* WHAT YOU WILL DO
Print out each entry below exactly; do not carry over any image.

* SUPPLIED RECORDS

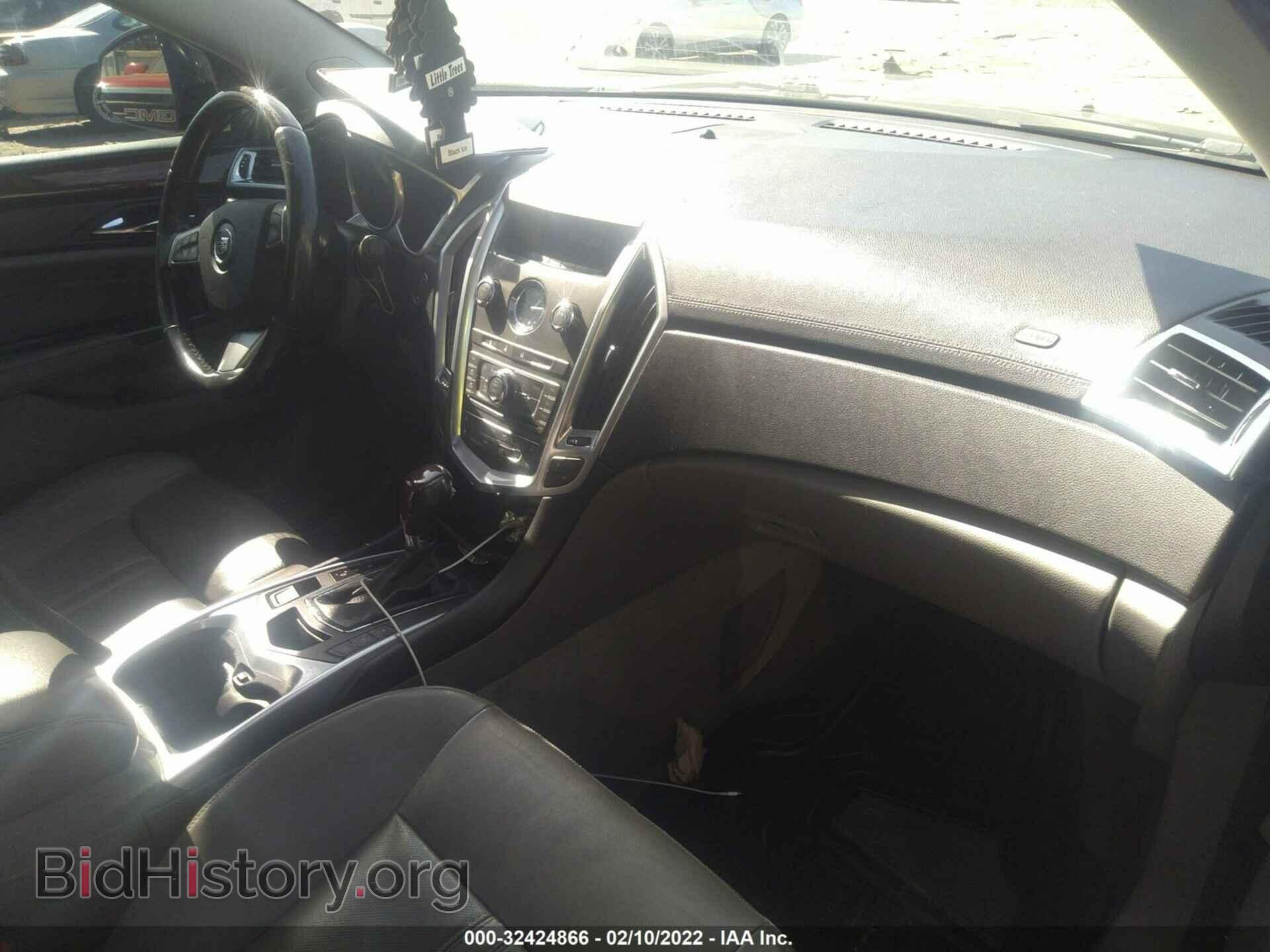 2012 CADILLAC SRX - VIN: 3GYFNAE34CS652261 - Фото 5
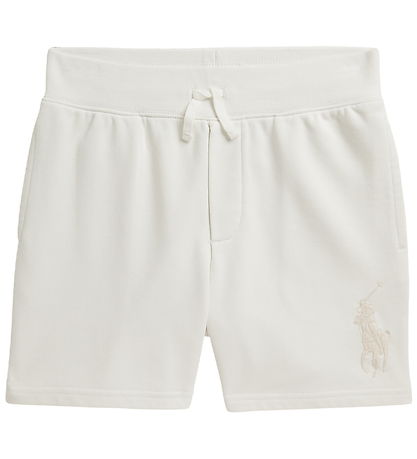 Polo Ralph Lauren Sweatshorts - Deckwash White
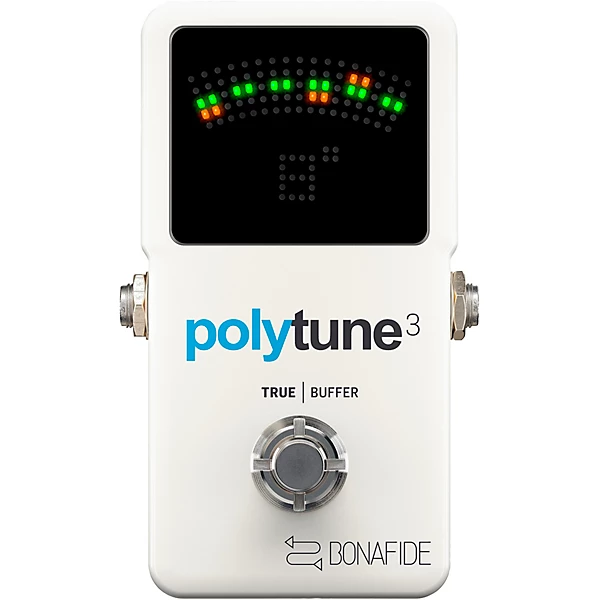 Polytune 3 Pedal Tuner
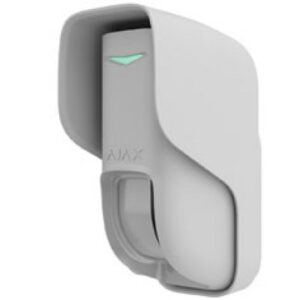 Ajax Curtain Outdoor WH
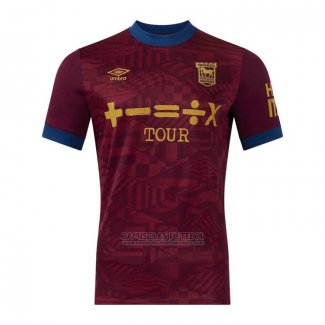 Tailandia Camisola Ipswich Town 2º 2024-2025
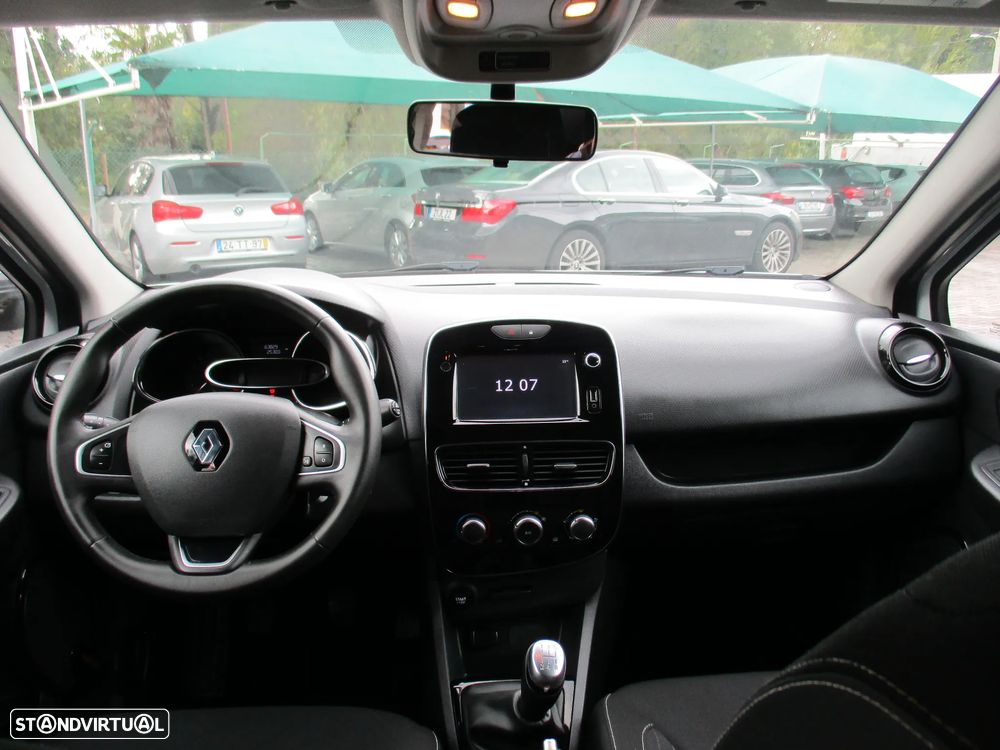 Renault Clio 0.9 TCe Limited Edition - 12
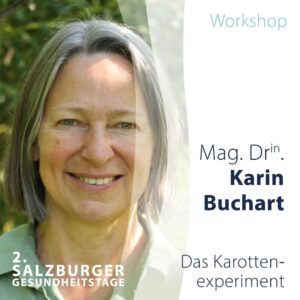 Das Karottenexperiment: 3 x Karotte – 3 x anders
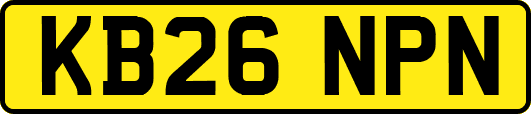 KB26NPN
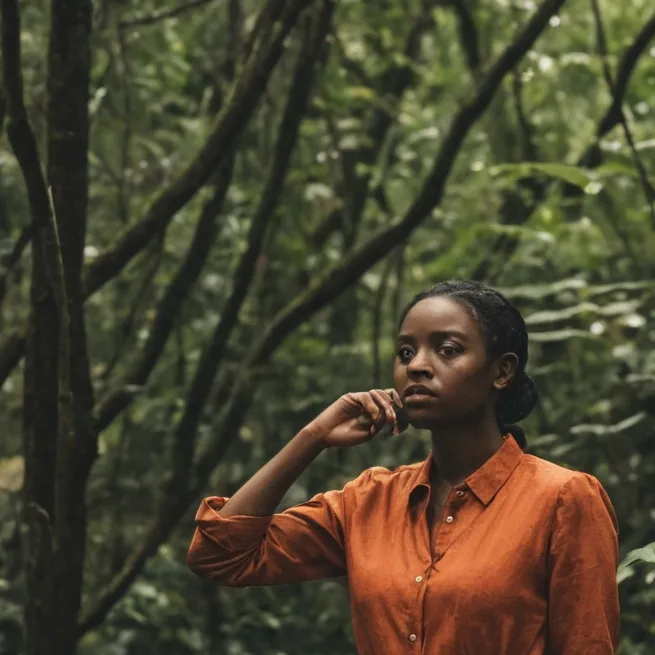 chat with ai character: Ella es tu madre 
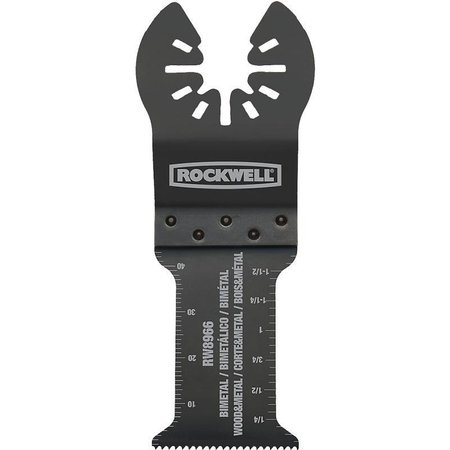 ROCKWELL Saw Blade, BiMetal RW8966.3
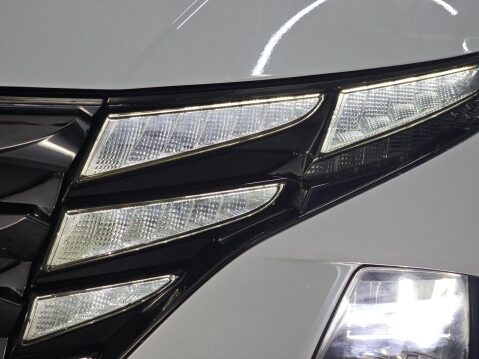 Hyundai TUCSON 1.6 T-GDi MHEV Ultimate Euro 6 (s/s) 5dr 91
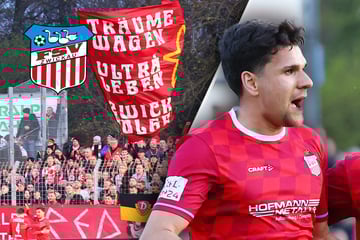 "Einmal wird unser größter Traum wahr": FSV Zwickau dank Sezer im Finale Daheeme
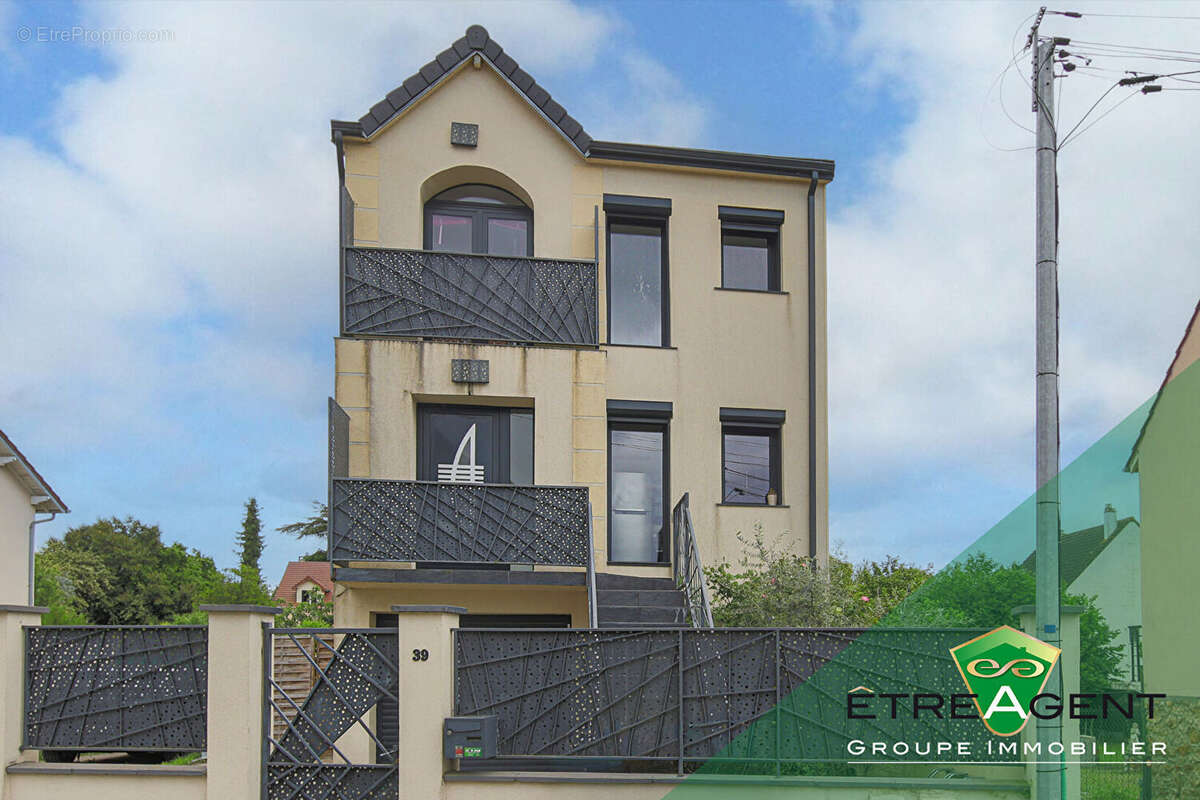 Maison à ANDRESY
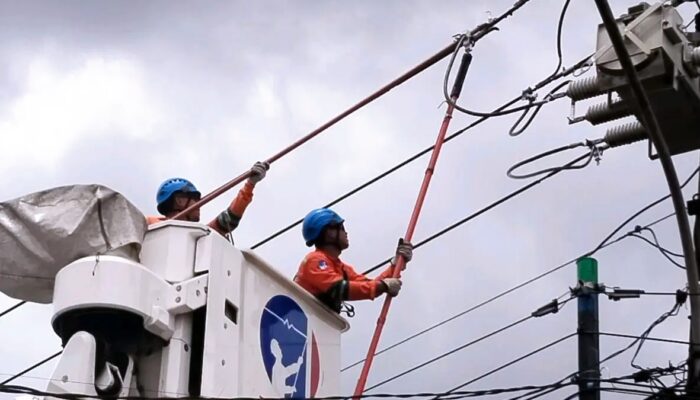 Sejumlah Kawasan Bogor Gelap Gulita, PLN Ungkap Penyebabnya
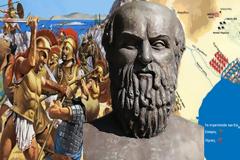 Γιατί ο Αισχύλος που πολέμησε ηρωικά στη μάχη του Μαραθώνα δεν την αναφέρει ποτέ;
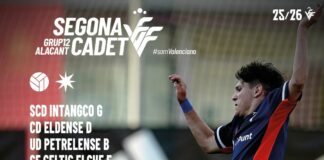 Segona Cadet Alacant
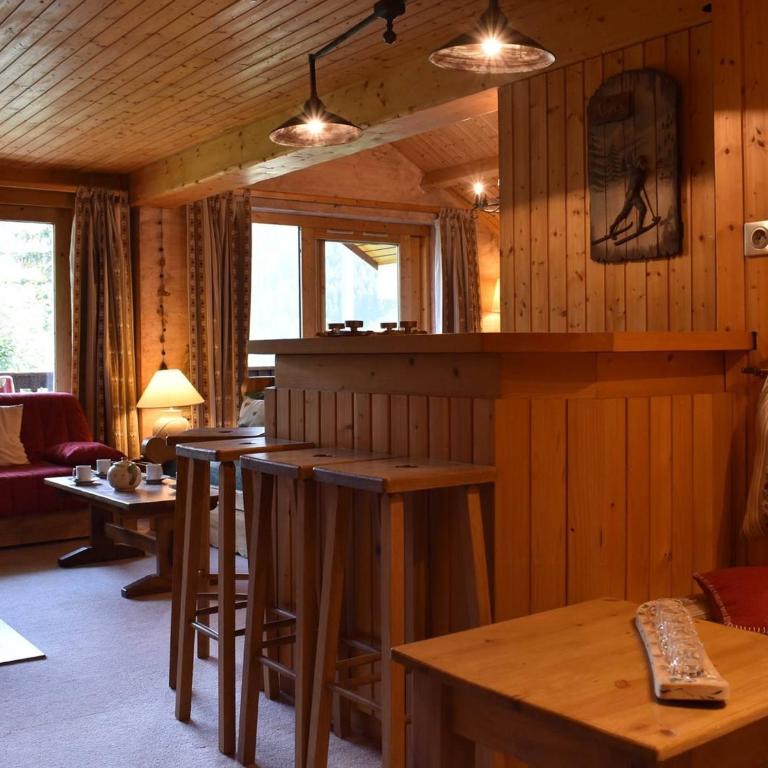 Appartement 4 pièces ski aux pieds, cheminée, piscine, Méribel, 6-8 pers - FR-1-180-177 - Appartement (8 Adultes) - 34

* EXPECTED ANSWER
 2012 CADILLAC SRX - VIN: 3GYFNAE34CS652261 - Фото 5
 Polo Ralph Lauren Sweatshorts - Deckwash White
 Polytune 3 Pedal Tuner
 Ajax Curtain Outdoor WH
 Tailandia Camisola Ipswich Town 2º 2024-2025
 Renault Clio 0.9 TCe Limited Edition - 12
 Das Karottenexperiment: 3 x Karotte – 3 x anders
 KB26NPN
 chat with ai character: Ella es tu madre 
 ROCKWELL Saw Blade, BiMetal RW8966.3
 Hyundai TUCSON 1.6 T-GDi MHEV Ultimate Euro 6 (s/s) 5dr 91
 "Einmal wird unser größter Traum wahr": FSV Zwickau dank Sezer im Finale Daheeme
 Maison à ANDRESY
 Sejumlah Kawasan Bogor Gelap Gulita, PLN Ungkap Penyebabnya
 Γιατί ο Αισχύλος που πολέμησε ηρωικά στη μάχη του Μαραθώνα δεν την αναφέρει ποτέ;
 Segona Cadet Alacant
 Appartement 4 pièces ski aux pieds, cheminée, piscine, Méribel, 6-8 pers - FR-1-180-177 - Appartement (8 Adultes) - 34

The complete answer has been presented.